Considered to be a market for some agents and a balance mechanism for others, the imbalance market/mechanism is used for keeping the grid balance in real time. In particular, the market operator monitors the grid frequency and the imbalance position of the different market agents; then, when the frequency deviates from a certain threshold or the planned production/consumption of the market agents changes, the market operator buys ancillary services to bring back the grid to equilibrium. Finally, the cost of executing these ancillary services is shared among the different agents who caused the imbalances (the agents that consume/produce a different amount than the one they agreed on in past markets).

While agents can not directly buy/sell energy via this mechanism, they can modify their expected production/consumption and pay the respective price according to the ancillary services executed. As a result, if a good forecast of the imbalance price is obtained, some companies might decide to buy/sell energy via this method during the periods where they think that the imbalance price is more favorable than the price in the past markets.

Ancillary services

Ancillary services are used by the market operator to maintain the grid balance. In detail, the market operator is responsible to contract a set of backup services that can provide or absorb extra energy in real time; in general, these services are bought/sold as options, i.e. the market operator has the right to execute them but he is not obliged.

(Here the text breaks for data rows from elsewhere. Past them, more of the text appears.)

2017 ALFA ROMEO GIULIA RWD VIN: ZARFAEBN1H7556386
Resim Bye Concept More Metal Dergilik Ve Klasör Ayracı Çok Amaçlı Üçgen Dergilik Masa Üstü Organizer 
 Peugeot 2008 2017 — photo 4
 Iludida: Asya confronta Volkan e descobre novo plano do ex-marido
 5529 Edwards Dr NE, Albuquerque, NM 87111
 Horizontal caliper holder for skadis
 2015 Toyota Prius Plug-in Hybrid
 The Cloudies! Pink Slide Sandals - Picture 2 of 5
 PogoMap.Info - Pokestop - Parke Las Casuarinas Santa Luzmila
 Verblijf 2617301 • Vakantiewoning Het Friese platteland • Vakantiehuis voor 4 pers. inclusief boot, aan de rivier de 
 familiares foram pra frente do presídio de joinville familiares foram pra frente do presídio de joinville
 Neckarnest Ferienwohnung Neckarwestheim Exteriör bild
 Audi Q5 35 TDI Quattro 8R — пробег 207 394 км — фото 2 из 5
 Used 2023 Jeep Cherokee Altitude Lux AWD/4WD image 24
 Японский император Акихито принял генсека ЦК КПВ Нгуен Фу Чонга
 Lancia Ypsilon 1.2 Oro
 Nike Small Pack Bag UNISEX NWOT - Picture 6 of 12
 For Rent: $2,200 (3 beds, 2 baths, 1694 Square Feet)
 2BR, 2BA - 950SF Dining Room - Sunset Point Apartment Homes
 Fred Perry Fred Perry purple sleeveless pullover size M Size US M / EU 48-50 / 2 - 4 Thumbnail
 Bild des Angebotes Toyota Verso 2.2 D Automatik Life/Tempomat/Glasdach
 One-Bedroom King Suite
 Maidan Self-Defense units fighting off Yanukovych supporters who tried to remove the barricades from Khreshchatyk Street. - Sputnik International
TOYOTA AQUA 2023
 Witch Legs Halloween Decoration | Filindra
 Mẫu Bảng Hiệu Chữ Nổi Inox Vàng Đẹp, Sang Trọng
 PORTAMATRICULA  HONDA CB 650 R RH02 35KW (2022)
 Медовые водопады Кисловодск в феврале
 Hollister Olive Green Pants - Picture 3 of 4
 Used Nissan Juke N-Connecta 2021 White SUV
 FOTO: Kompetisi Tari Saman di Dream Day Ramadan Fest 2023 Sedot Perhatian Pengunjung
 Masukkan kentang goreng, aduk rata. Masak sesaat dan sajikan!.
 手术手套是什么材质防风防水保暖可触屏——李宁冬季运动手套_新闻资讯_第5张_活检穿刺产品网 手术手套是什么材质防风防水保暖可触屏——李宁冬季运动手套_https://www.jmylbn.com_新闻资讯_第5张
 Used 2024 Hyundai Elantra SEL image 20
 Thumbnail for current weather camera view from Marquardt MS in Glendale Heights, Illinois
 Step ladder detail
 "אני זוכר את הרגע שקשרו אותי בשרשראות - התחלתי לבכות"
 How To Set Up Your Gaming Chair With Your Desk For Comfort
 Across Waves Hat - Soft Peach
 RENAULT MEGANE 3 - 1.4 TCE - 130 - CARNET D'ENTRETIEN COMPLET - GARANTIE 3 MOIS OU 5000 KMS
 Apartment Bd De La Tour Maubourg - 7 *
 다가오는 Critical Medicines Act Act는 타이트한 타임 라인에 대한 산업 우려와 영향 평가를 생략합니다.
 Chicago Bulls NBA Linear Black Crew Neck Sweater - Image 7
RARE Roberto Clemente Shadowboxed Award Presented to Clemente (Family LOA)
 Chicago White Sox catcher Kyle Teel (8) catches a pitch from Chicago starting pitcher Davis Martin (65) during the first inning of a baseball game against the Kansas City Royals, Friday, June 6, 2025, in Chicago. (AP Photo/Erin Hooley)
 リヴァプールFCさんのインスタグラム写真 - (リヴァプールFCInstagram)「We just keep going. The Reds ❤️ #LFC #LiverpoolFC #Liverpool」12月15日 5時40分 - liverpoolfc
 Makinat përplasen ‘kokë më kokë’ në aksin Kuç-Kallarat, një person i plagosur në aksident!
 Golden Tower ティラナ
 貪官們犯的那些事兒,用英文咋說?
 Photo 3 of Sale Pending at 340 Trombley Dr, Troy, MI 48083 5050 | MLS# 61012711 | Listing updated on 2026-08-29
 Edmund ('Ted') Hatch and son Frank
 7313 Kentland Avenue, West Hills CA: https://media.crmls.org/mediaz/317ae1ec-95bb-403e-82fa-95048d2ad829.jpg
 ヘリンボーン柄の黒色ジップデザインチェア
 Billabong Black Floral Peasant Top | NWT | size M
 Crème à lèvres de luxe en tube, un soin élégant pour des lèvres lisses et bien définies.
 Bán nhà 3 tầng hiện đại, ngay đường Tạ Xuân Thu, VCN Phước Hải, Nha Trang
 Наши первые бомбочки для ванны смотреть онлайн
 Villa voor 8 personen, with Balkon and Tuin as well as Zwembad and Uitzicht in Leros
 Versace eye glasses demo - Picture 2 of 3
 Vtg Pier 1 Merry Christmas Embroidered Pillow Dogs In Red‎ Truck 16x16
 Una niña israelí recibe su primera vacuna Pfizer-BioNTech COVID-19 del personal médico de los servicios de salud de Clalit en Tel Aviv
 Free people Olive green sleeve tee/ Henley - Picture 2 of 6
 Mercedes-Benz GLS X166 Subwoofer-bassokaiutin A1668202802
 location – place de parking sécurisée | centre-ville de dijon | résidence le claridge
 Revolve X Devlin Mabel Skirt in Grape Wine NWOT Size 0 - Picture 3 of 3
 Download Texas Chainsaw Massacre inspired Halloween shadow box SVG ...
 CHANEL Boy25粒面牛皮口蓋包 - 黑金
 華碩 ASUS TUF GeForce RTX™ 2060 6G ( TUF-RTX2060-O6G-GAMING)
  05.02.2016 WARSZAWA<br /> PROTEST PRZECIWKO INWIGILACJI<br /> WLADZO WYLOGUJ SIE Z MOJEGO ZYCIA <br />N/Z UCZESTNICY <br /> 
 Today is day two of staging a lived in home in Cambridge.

Any of the described agents can participate in this market by selling options for generation and absorption of grid power; however, as within this market itself there are several different categories and each one of them has certain requirements, e.g. type of technology used, participation in this market is usually more restricted.

 

Role of renewable energies

We have seen that balancing the electric grid comes at the expense of continuously planning and correcting the plan. When renewable energies where not part of the market, this was an easier task as energy production was quite deterministic and adaptable; in particular, nuclear, coal and gas plants could produce as much energy as they wanted independently of any external conditions. The end result was a system where prices were quite stable and where balance was a rather easy task to perform.

However, in the last decade, due to the increase of renewable energy production, the system has become more unstable and the market prices more unsteady and unpredictable. In detail, production of renewable sources is highly dependent on weather conditions; therefore, prediction of renewable energy production is more complicated than predicting production from traditional sources; as a result, planning of electricity production has become more error prone and the grid more susceptible to imbalances.

 

Wind and solar farm

However, as renewable energy sources are the future of humankind, there are a large number of researchers around the globe tackling the different issues associated with the increase of renewable energy production. One of the many issues deals with controlling and attenuating the variations in market prices due to the uncertainty of renewable sources. In more detail, by forecasting electricity prices we can anticipate big variations and imbalances and take measures to correct them. The latter is the main focus of my current research and the topic of the PhD I am doing in the research institute VITO-EnergyVille as a graduate student of TU Delft. To avoid excessive details in this introductory post, I would conclude here. However, if you are interested in the topic, check my future blog posts where I will cover these things in more details.

References

[1] http://blogs.ulg.ac.be/damien-ernst/teaching/elec0018-1-energy-markets/
[2] http://www.omie.es/en/home/markets-and-products/electricity-market/our-electricity-markets
[3] https://www.belpex.be/trading/general-description/

2 Comments

Suleyman Bas · January 14, 2017 at 8:18 pm

Thank you for such a great summary of such a complicated issue. Anyone will find it very helpful who has interest in this market.

Anton · March 26, 2019 at 9:09 pm

Great post! Especially the figures really help to understand the different actors in this system.